■ Requirement: Reproduce each record exactly, but exclude every picture.

■ Data shown:
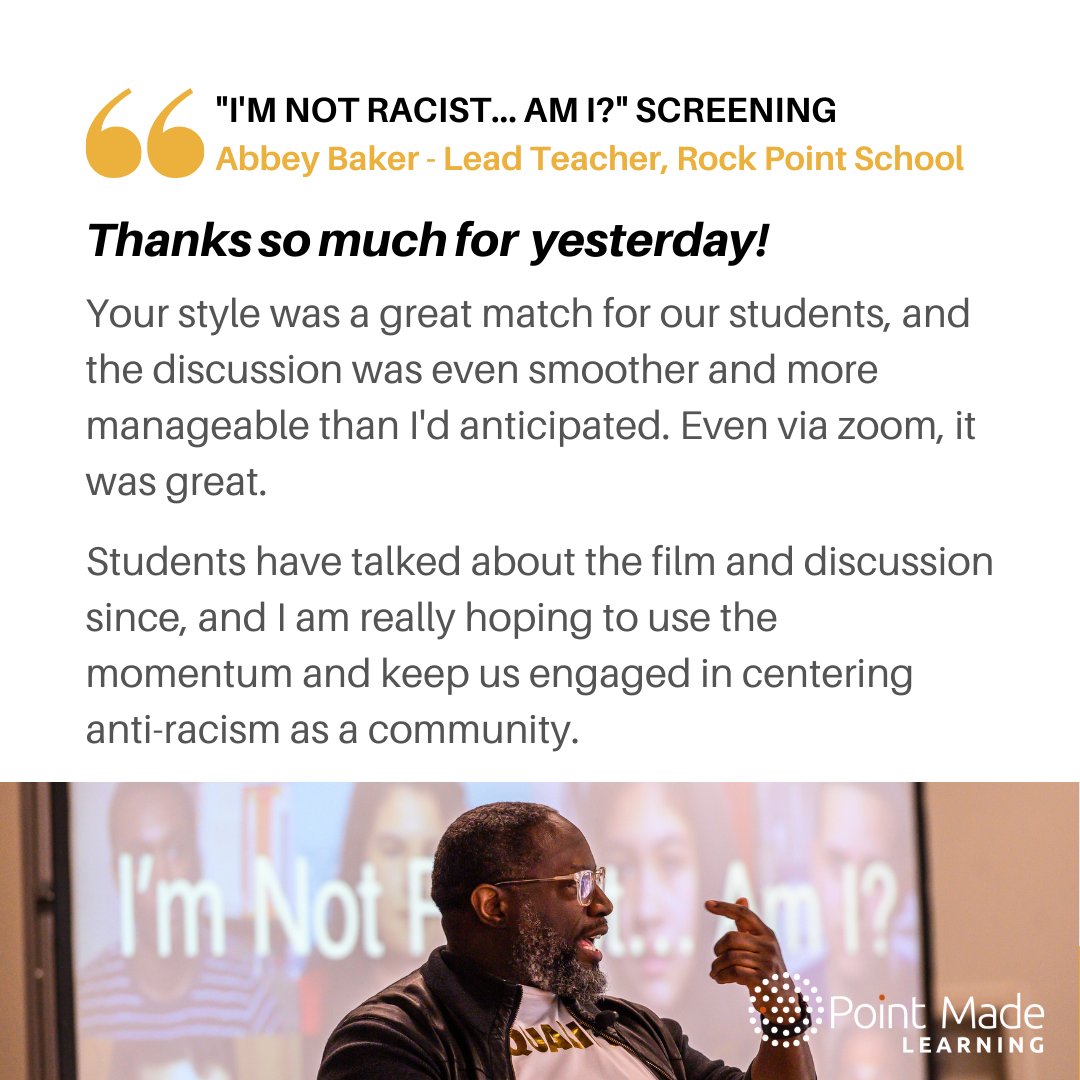 Point Made Learning (@pm_learn) on Twitter photo Now is the time to book your Fall screenings and workshop for "I'm Not Racist... Am I?" Contact programming@pointmade.com to secure your event -- we offer virtual and a limited number of in person options. Watch the trailer here: buff.ly/2OTRN40 #FilmScreening Now is the time to book your Fall screenings and workshop for "I'm Not Racist... Am I?" Contact programming@pointmade.com to secure your event -- we offer virtual and a limited number of in person options. Watch the trailer here: buff.ly/2OTRN40 #FilmScreening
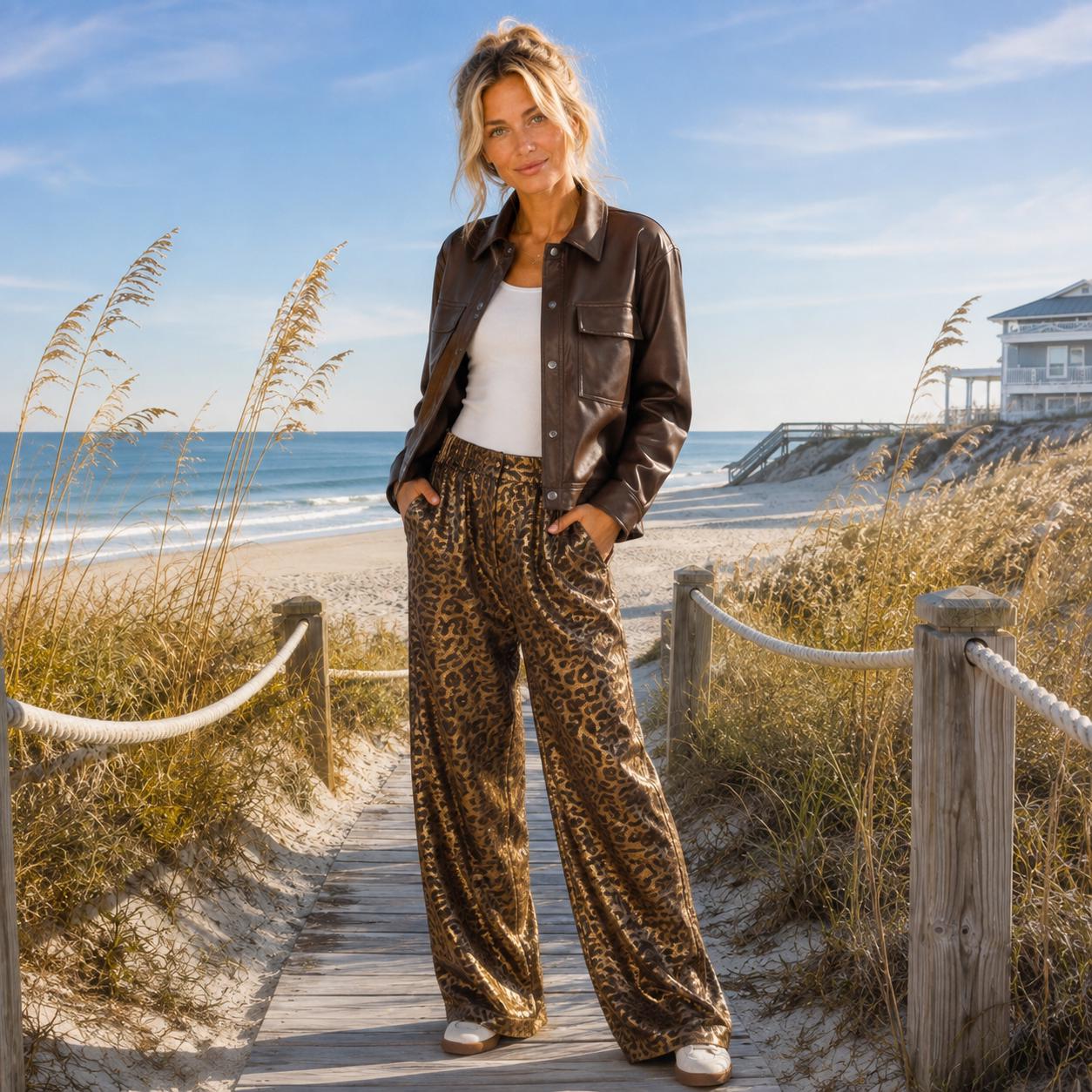 Metallic Leapard Print Wide Leg Pants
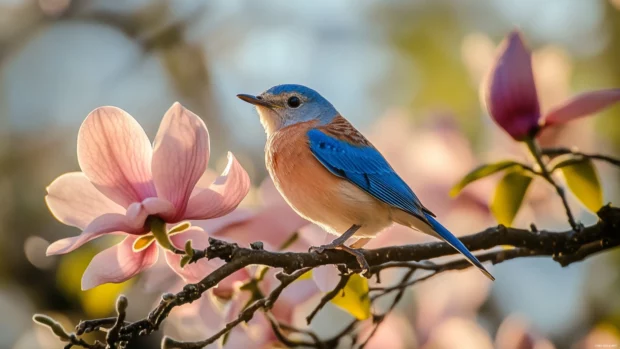 A delicate bluebird perched on the tip of a blooming magnolia branch, morning light filtering softly through the petals.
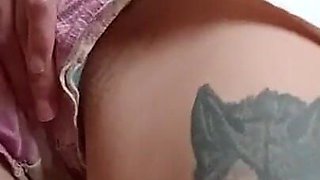 Skinny Schoolgirl Masturbates in Her Clothes in the Morning Before School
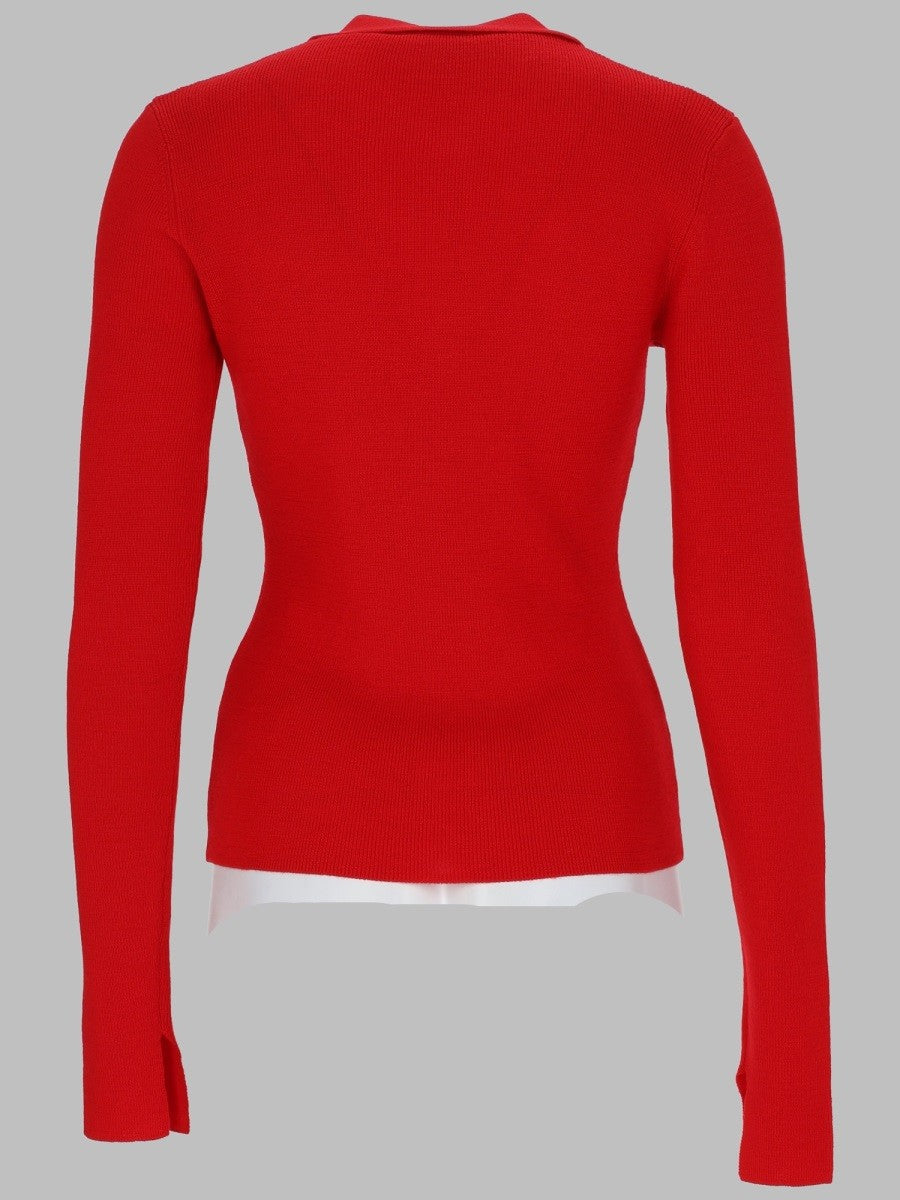 Ganni Women's Polo in Maglia DI Lana Red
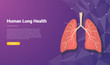 human lung template banner design with free space for text - vector illustration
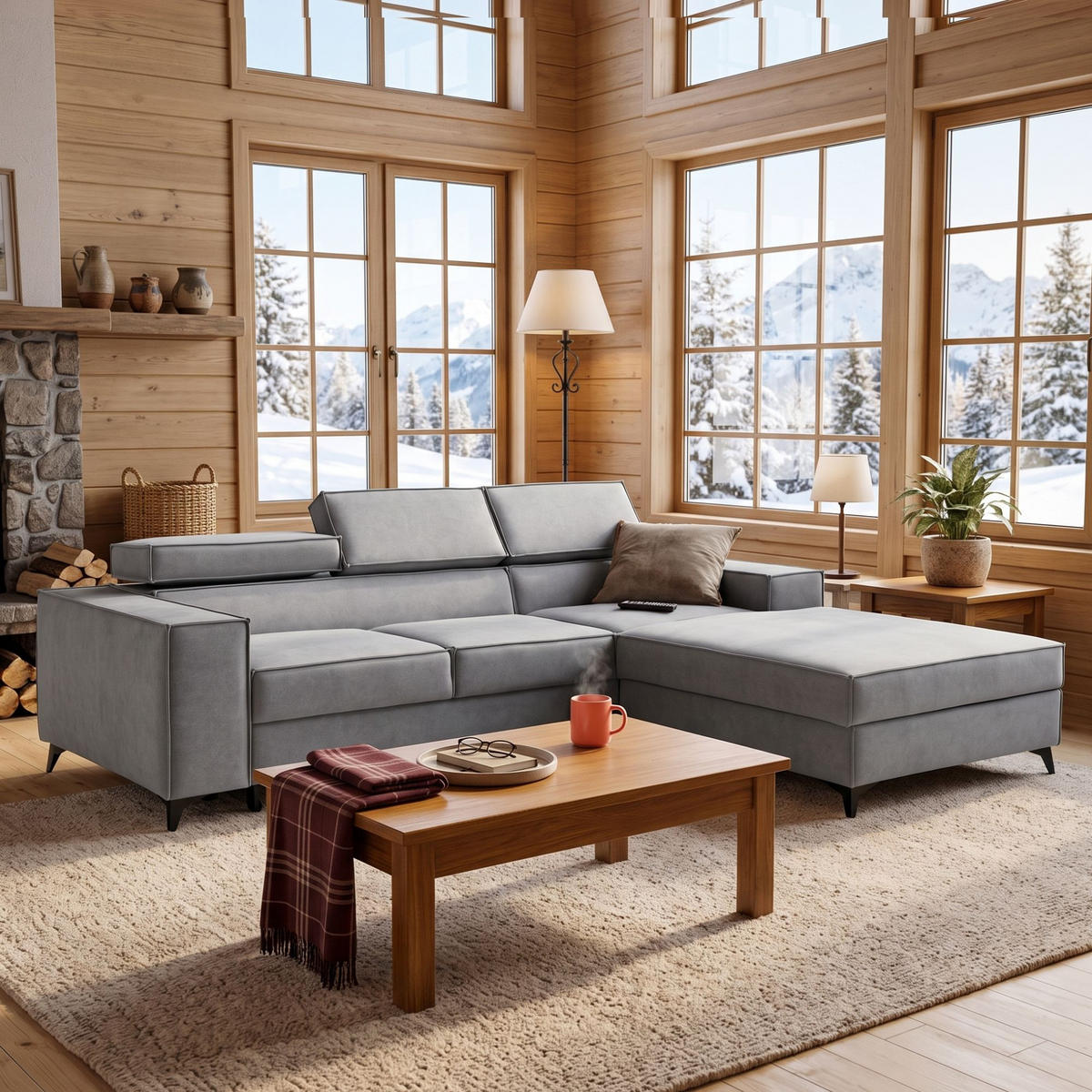 ECKSOFA PURE S Rechts mit Schlaffunktion 127x215 Velours Hellgrau - Hellgrau/Schwarz, Holz/Textil (204/281cm) - Muffo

■ Written answer:
 Point Made Learning (@pm_learn) on Twitter photo Now is the time to book your Fall screenings and workshop for "I'm Not Racist... Am I?" Contact programming@pointmade.com to secure your event -- we offer virtual and a limited number of in person options. Watch the trailer here: buff.ly/2OTRN40 #FilmScreening Now is the time to book your Fall screenings and workshop for "I'm Not Racist... Am I?" Contact programming@pointmade.com to secure your event -- we offer virtual and a limited number of in person options. Watch the trailer here: buff.ly/2OTRN40 #FilmScreening
 Metallic Leapard Print Wide Leg Pants
 A delicate bluebird perched on the tip of a blooming magnolia branch, morning light filtering softly through the petals.
 Skinny Schoolgirl Masturbates in Her Clothes in the Morning Before School
 Ganni Women's Polo in Maglia DI Lana Red
 human lung template banner design with free space for text - vector illustration
 ECKSOFA PURE S Rechts mit Schlaffunktion 127x215 Velours Hellgrau - Hellgrau/Schwarz, Holz/Textil (204/281cm) - Muffo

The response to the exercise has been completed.